Short descriptive text snippets
━━━━━━━━━━━━━━━━

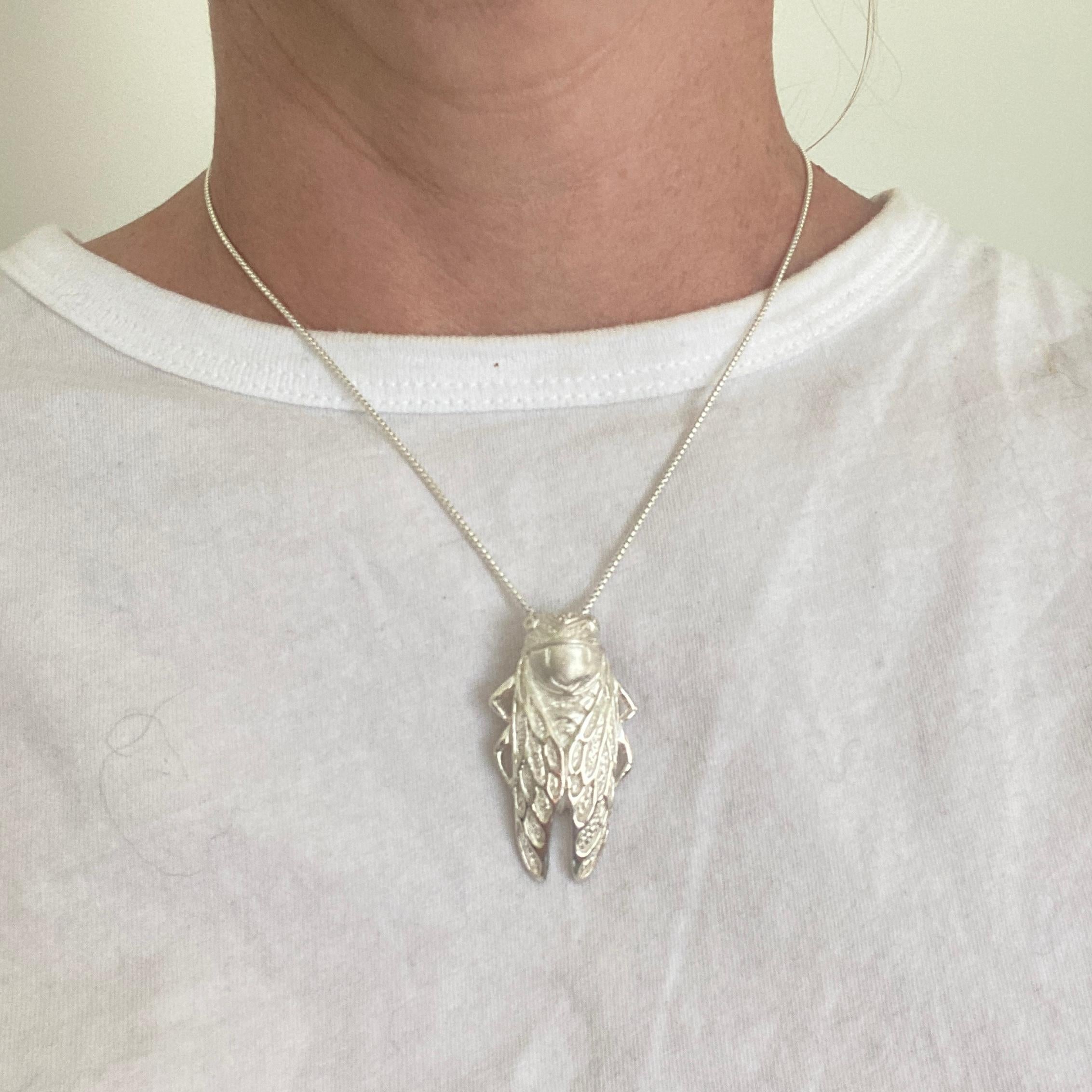 Heavy Sterling Silver Detailed Cicada Pendant with Diamond Eyes by Ashley Childs

Cicada originally carved by 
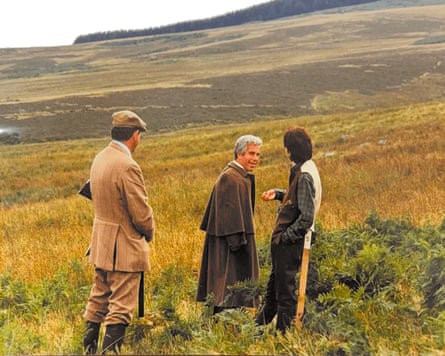 Andrew, Epstein and Maxwell standing talking on a moorland
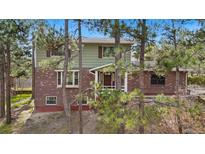 Charming two-story home with brick and siding exterior, surrounded by trees at 1185 Fawnwood Rd, Monument, CO 80132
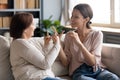 Happy adult daughter and older mother speaking sign language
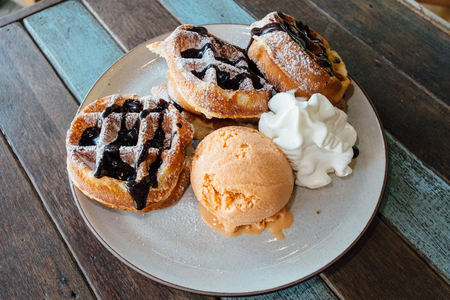 Waffle with ice cream and wiping creamの写真素材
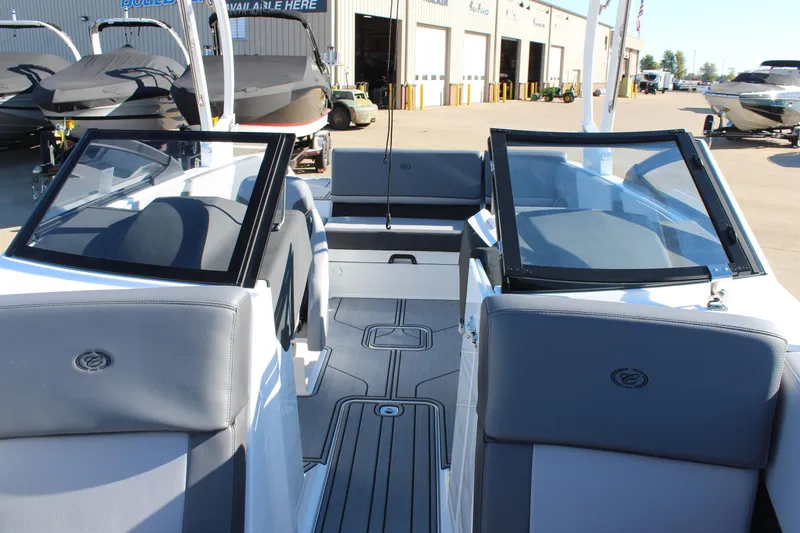Slide: The Image of 2025 Cobalt CS23 boat interior with sleek seating and modern design. - 31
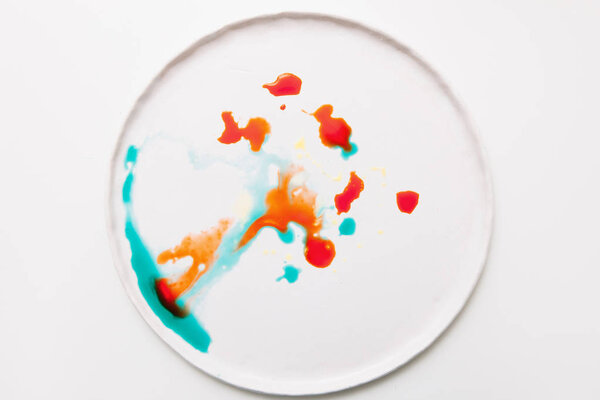 Abstract image of colorful splashes on white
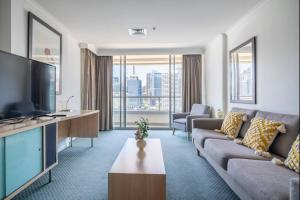een woonkamer met een bank en een tv bij Spectacular Darling Harbour View Apartment & Parking in Sydney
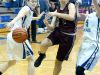 Stuarts Draft's Rachel Sauder tries to slip between Fort Defiance's Erin Henderson and Emily Humphries but Henderson strips the bats the ball away from her as she tried to reach the basket during a basketball game played in Fort Defiance on Friday, Dec. 11, 2015.
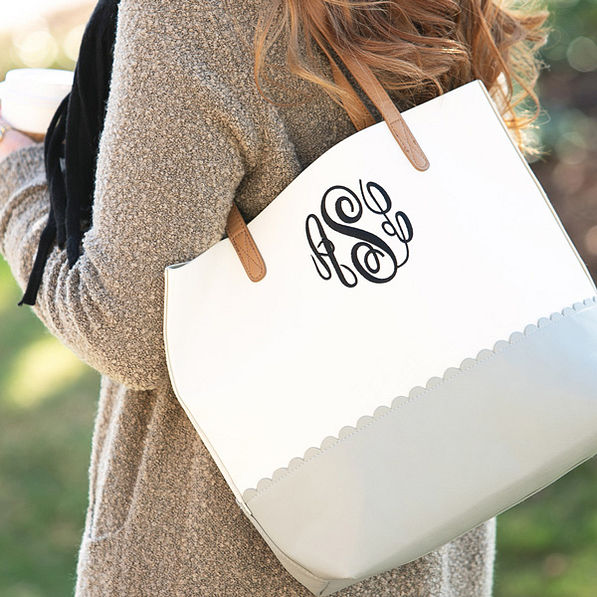 monogrammed scalloped tote bag on shoulder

━━━━━━━━━━━━━━━━

TASK INSTRUCTIONS:
The records above should be duplicated exactly, with none of their pictures kept.

EXERCISE RESULT:
 Heavy Sterling Silver Detailed Cicada Pendant with Diamond Eyes by Ashley Childs

Cicada originally carved by 
 Andrew, Epstein and Maxwell standing talking on a moorland
 Charming two-story home with brick and siding exterior, surrounded by trees at 1185 Fawnwood Rd, Monument, CO 80132
 Happy adult daughter and older mother speaking sign language
 Waffle with ice cream and wiping creamの写真素材
Slide: The Image of 2025 Cobalt CS23 boat interior with sleek seating and modern design. - 31
 Abstract image of colorful splashes on white
een woonkamer met een bank en een tv bij Spectacular Darling Harbour View Apartment & Parking in Sydney
 Stuarts Draft's Rachel Sauder tries to slip between Fort Defiance's Erin Henderson and Emily Humphries but Henderson strips the bats the ball away from her as she tried to reach the basket during a basketball game played in Fort Defiance on Friday, Dec. 11, 2015.
 monogrammed scalloped tote bag on shoulder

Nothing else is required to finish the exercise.